Aprovecha el periodo de prueba para evaluar aquello difícil de revertir una vez comprometido. Visita dos o tres colegios en persona en vez de fiarte de sus páginas web, y pide asistir a una clase si la escuela lo permite. Entiende bien cómo funcionan los visados para familias que viven en Bali antes de enamorarte de una villa en concreto, ya que las salidas por visado y el papeleo condicionan dónde puedes vivir de forma realista a largo plazo. Fíjate también en cómo llevan tus hijos los pequeños detalles, como las picaduras de mosquito y las indisposiciones leves, porque eso es lo que desgasta cuando termina la fase de luna de miel.
Si la prueba va bien, considera el contrato de alquiler como una decisión independiente de la ubicación en sí. Lee qué revisar antes de firmar un contrato de alquiler de villa a largo plazo en Bali antes de firmar nada, ya que las condiciones del contrato y el mantenimiento incluido varían mucho entre propietarios.
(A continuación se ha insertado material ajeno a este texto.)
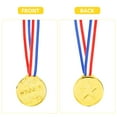 thumbnail image 4 of 50pcs Premios de gimnasia Premio para el premio Kids Favor Medallas de competencia Premios para niños, 4 of 7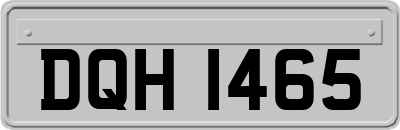 DQH1465
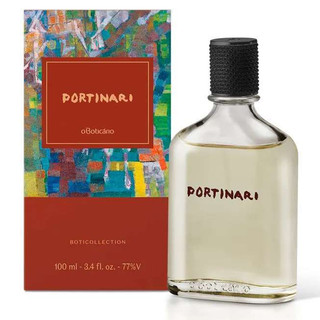 Refil - Perfume Portinari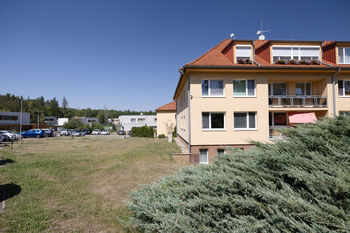 Prodej bytu 3+kk v osobním vlastnictví 45 m², Unhošť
Una buena prueba también te da ventaja: ya conoces el barrio, la reputación del arrendador y si internet realmente aguanta durante una llamada de trabajo. Las familias que se saltan la prueba y se comprometen un año basándose en unas solas vacaciones a menudo terminan cancelando contratos antes de tiempo o mudándose dos veces en su primer año.